Also, GZ also endorses telepathy. Oy. I'm sure it's good for business, but seriously, dude.

Susan Blackmore is my major intellectual hero right now in large part because of her history with the memes of the New Age. I quote from her web site:

It was just over thirty years ago that I had the dramatic out-of-body experience that convinced me of the reality of psychic phenomena and launched me on a crusade to show those closed-minded scientists that consciousness could reach beyond the body and that death was not the end. Just a few years of careful experiments changed all that. I found no psychic phenomena - only wishful thinking, self-deception, experimental error and, occasionally, fraud. I became a sceptic.

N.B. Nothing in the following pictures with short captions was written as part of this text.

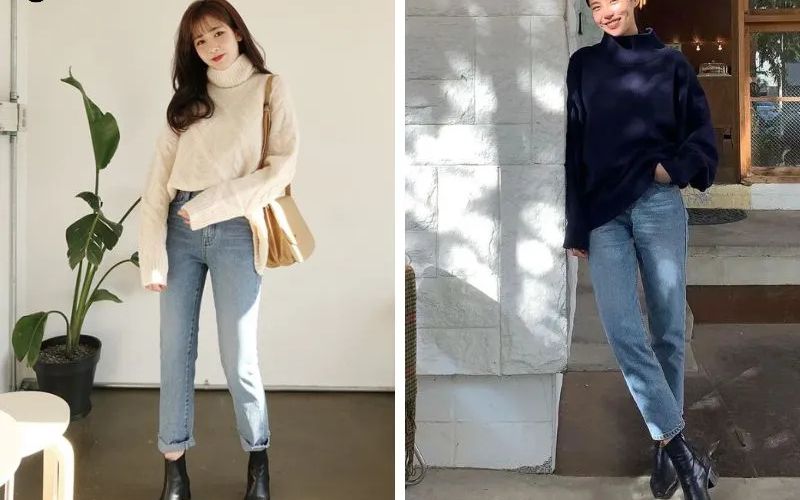 Áo Len Cổ Lọ Với Quần Jeans Cạp Cao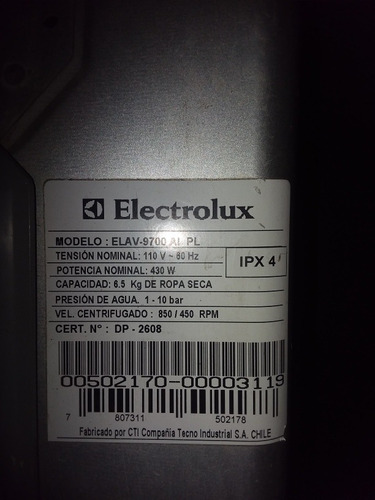 Lavadora Electrolux De 6.5 Kls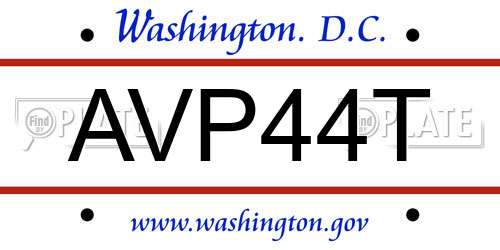 AVP44T District Of Columbia License Plate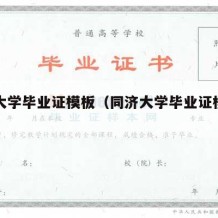 同济大学毕业证模板（同济大学毕业证模板下载）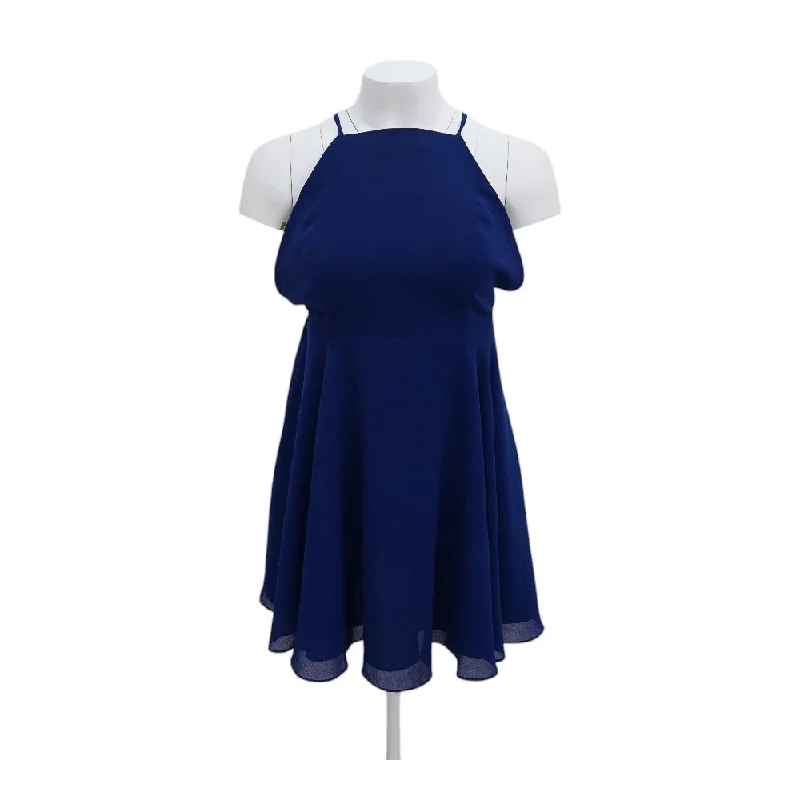 Special Savings Blue Solid Mini Dress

Why do people feel so threatened by materialism? I think it's a defense mechanism of the New Age memes themselves, manipulating their hosts' emotions for their own protection. Astrology, Tarot, psychics, any and all variations on the Judeo-Christian afterlife, angels, witches, Scientology - these are clever and successful parasites indeed. They cling to Darwin and Einstein like barnacles to a whale. The barnacles create drag on the whale, making it expend extra effort carrying them around. When humpback whales do those magnificent slo-mo leaps out of the water, they're mostly doing it to knock the barnacles off.

Lee Smolin in The Life Of The Cosmos:

I believe in nature, in its dominance over us and in its recalcitrance to our fantasies and schemes.

Do we skeptics have to be such a downer all the time? I want us to be more affirmative. To really love the world and ourselves as part of it, we need to be open to it, whether it flatters our sense of self-importance or not. The true spirituality is the spirituality of no spirituality. Let's get scraping!